> **Excerpted data**:
===
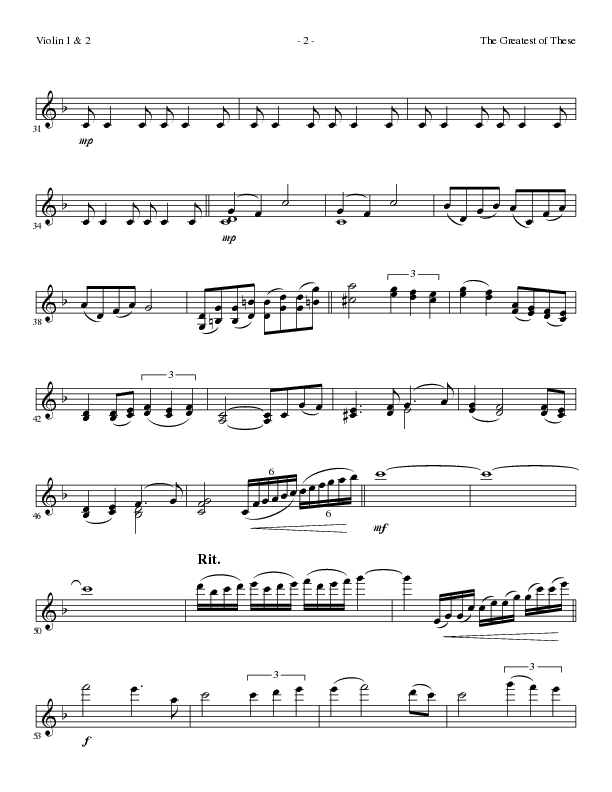 The Greatest of These (Choral Anthem SATB) Violin 1/2 (Lillenas Choral / Arr. David Clydesdale)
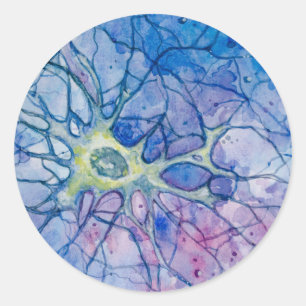 Neuron Watercolor Runder Aufkleber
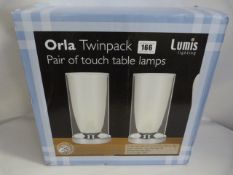 *Pair of Clear Glass Touch Lamps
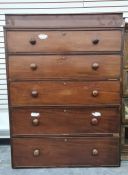 20th century mahogany chest of five long drawers (once part of a compactum wardrobe) , 109cm x 137cm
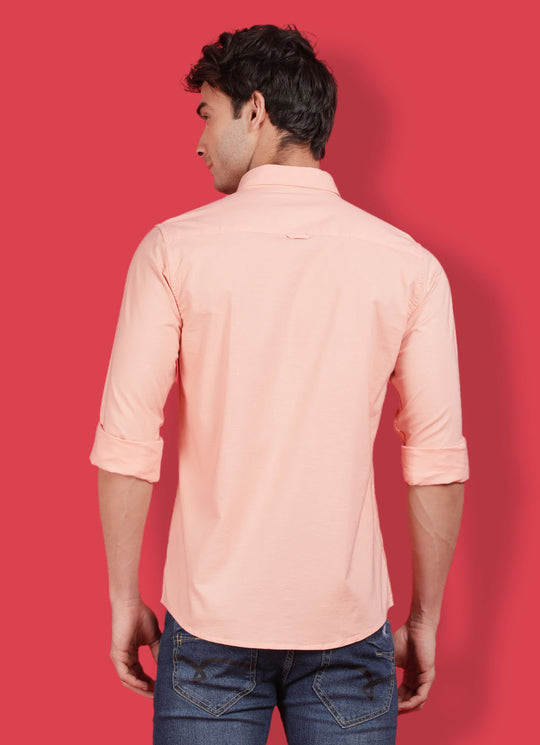 Peach Cotton Linen Solid Slim Fit Shirt with Single Patch Pocket
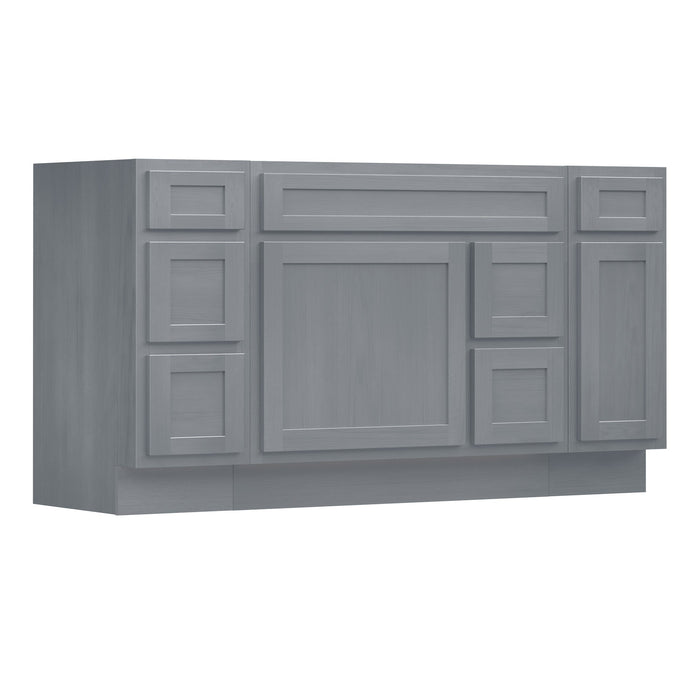 60" Modern Freestanding Oak Bathroom Vanity Base Only – Shaker Style Storage Cabinet with 6 Drawers & 2 Doors VA40123-362R-121 - HomeBeyond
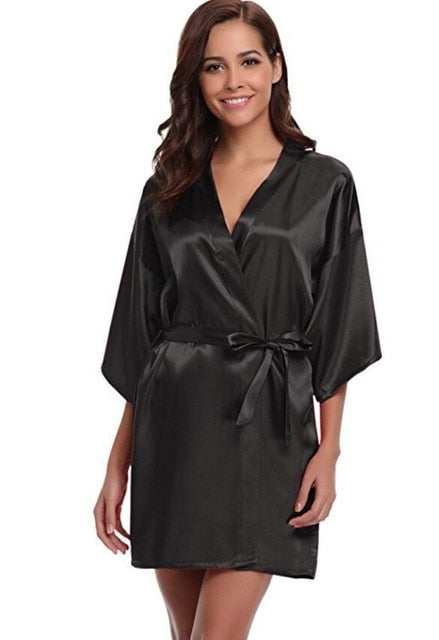 Silk Kimono Robe Bathrobe Women Silk Bridesmaid Robes Sexy Navy Blue Robes Satin Robe Ladies Dressing Gowns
===
> **What to work on**: Set out nothing but the lines from the line with "VA40123-362R-121 - HomeBeyond" through the end of the material, reproduced exactly, both ends included, pictures omitted.

> **Response area**:
 60" Modern Freestanding Oak Bathroom Vanity Base Only – Shaker Style Storage Cabinet with 6 Drawers & 2 Doors VA40123-362R-121 - HomeBeyond
 Silk Kimono Robe Bathrobe Women Silk Bridesmaid Robes Sexy Navy Blue Robes Satin Robe Ladies Dressing Gowns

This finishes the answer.